Exercise requirements
For the listing below, return the line containing "Cat Starry Night", the line containing "Cinco De Mayo", and all lines in between, exactly as written and nothing else.

─── Task material ───

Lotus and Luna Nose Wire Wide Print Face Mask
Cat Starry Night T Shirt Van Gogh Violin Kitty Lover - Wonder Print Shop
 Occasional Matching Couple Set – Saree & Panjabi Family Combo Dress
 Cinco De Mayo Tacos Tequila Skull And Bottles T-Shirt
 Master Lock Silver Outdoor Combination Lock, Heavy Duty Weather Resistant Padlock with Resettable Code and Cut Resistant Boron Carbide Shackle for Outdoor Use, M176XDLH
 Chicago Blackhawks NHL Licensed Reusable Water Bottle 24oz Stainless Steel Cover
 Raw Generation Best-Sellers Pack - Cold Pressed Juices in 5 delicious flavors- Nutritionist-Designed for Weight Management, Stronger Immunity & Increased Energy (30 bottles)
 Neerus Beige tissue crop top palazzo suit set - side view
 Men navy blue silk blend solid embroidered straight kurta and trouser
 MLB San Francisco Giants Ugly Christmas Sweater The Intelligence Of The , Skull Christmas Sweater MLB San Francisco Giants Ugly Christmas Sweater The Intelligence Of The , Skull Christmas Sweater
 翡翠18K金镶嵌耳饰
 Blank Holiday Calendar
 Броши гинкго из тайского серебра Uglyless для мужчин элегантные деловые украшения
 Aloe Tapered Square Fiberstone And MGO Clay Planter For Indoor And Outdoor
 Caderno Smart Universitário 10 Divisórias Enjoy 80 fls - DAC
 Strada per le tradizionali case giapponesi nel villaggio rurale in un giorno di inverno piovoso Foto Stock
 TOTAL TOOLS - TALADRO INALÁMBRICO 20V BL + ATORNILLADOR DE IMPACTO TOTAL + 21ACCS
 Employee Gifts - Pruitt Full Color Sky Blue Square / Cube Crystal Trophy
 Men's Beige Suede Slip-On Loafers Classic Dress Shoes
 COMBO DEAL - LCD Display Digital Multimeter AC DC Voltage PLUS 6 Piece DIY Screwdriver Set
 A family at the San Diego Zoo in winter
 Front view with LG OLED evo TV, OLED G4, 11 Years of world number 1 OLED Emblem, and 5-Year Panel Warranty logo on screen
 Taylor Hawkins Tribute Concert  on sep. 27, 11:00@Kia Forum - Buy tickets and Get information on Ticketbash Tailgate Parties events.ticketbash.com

───

Result
Cat Starry Night T Shirt Van Gogh Violin Kitty Lover - Wonder Print Shop
 Occasional Matching Couple Set – Saree & Panjabi Family Combo Dress
 Cinco De Mayo Tacos Tequila Skull And Bottles T-Shirt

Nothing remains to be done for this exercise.